Seems appropriate if you're posting a focused piece of writing that required more organized thought than the average forum post. You provide the main thrust of the content; it will hopefully be the seed for the kind of conversation you're looking for, but you're still looking for a place specifically to expose people to whatever you're writing about. Blogs can generally be open to the world or only open to select people, depending on the host and the parameters they allow you to specify.
Otherwise, if the intent is to engage in discussion about your writing with like-minded people (meaning they share that hobby, not necessarily that they share your viewpoints) who also submit their own articles or stories, there are probably forums that exist specifically for that sort of thing. Which again takes something you hoped to make wide open and pushes it into a niche, but I don't see how you're going to find the kind of feedback you're looking for out in the big pond that is the Internet unless you have some way of directing the intended audience toward it.
Sure, others' comments appear in a small font at the bottom of the page, but I would much rather participate in a forum of equals.

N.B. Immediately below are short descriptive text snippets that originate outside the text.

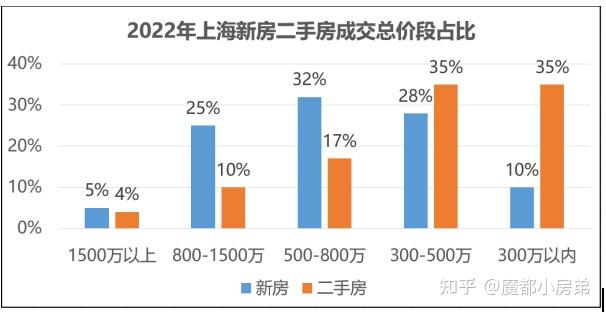 500万预算,上海买房选哪里?(文字版) - 知乎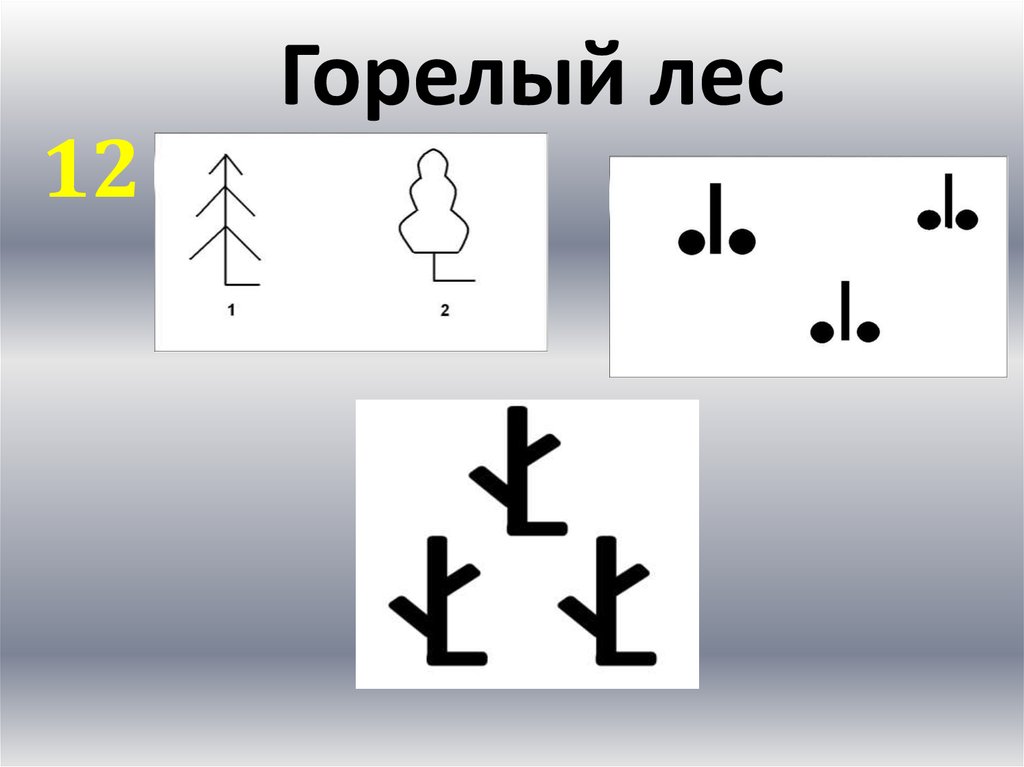 Лес условно. Топографический знак Горелый лес. Условные обозначения Горелый лес. Горелый лес условный знак. Горелый лес.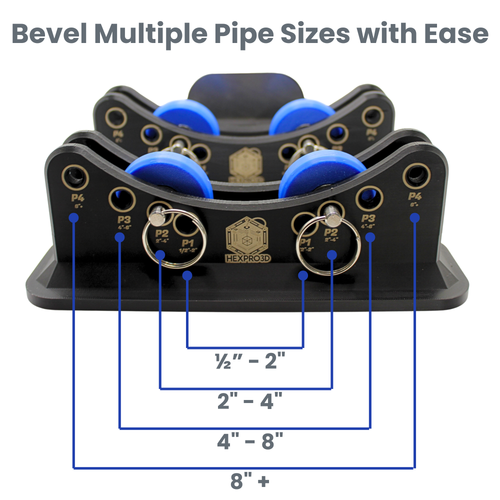 Precision Pipe Bevel Roller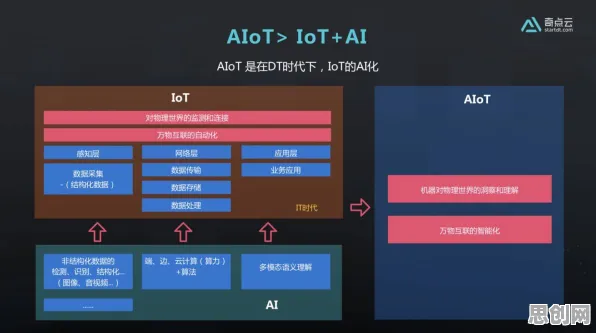 用天文学的方法应对AIoT融合发展，值得每个人深思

Said forum will either require membership to post (the same thing you tried to prevent here, and that you are criticizing Facebook for), or else be open to the ravages of the Internet.
(I used to have a Xanga site which I rarely used, but then Xanga somehow broke the ability to sign in using Firefox on Linux (and perhaps other OSes as well,
some people seem to be having problems even on Windows) so I don't go there anymore. Xanga were sort of moving to the 'walled garden' approach since you had to be a member to comment, but at least they made their content public even if participation was private.)
Even when I had a Xanga site on which only other Xanga members could post (not specifically people I knew, though I could have restricted it to that if I chose), I would get the occasional drive-by spam or even a real person who I didn't know criticizing me for something like, oh I don't know, saying I found Asian women attractive. I figure you're either open to the world's crap and criticism and you accept that this kind of crap will come along with the possibility of finding kindred spirits among the total strangers, or else you implement that layer of safety by participating in a site that requires membership to post. You cannot have it both ways.
A weblog seems, in many ways, to be a step backward from a web forum. There are certainly instances where it is useful; if I had knowledge to share that I wanted to put on the web, for example, or if my main focus was generating original long-form content (such as Paul Graham's
essays or
Joel Spolsky's original posts on software development back in the early 2000s.
I must be misunderstanding the kind of "stories" you're hoping to use as a springboard for social interaction, then. A weblog setting may seem to have an "I speak, you listen and comment" format, but with multiple bloggers on the same site, there's a good amount of give and take, assuming they all post and read each other's posts regularly. (And this is what I think the better Facebook users are doing with its "Notes" widget - said notes along with photos and most anything else can be set to be world-viewable, though not world-commentable.)
Though I do create that sort of thing from time to time, I would much rather participate in a discussion. I prefer this thread over the Hangout thread, for example, because in this thread I'm interacting and have a chance to refine my opinions by hearing the opinions of someone who disagrees with me. In Hangout, it's usually just me posting things I find interesting, which nobody then proceeds to comment on.
We have a fairly small user base here at the Phorum. I honestly don't know how people find us at all. It's natural that a lot of things posted won't get commented on. I've learned not to assume that no comments means no one read it. A lot of times I read something and think "Hmmm, that was interesting", but I don't really have any specific feedback to provide, so I just finish reading it, close the window, and get back to whatever I was working on. I suspect a lot of people do this (which is probably why Facebook has that "Like" button, and other sites like Xanga have a way to give some sort of thumbs-up without actually commenting if you can't think of anything specific to say).
If I had a weblog, it would be all of that (no doubt including the lack of interest from others) and none of this. Or if I did get this, it would be my opinion front and center in the big type and then dissenting opinions sequestered at the bottom in small type.
I feel like you're looking for the ideal social networking solution that does not exist. It's paradoxical - it needs to be open to the world beyond a pre-selected list of your personal acquaintances, and yet it needs to be free of spam and derogatory comments from passing trolls. It needs to not trap its users in a "walled garden", yet it needs some sort of membership so that those who interact with one another can be identified in some sort of ongoing fashion. It needs to be enough of a presence on the web that it can be easily found, and yet not used by so much of the general populace that those who do not choose to use it feel excluded. If you can build that sort of a site and actually amass some sort of a decent user base, then by all means, sign me up.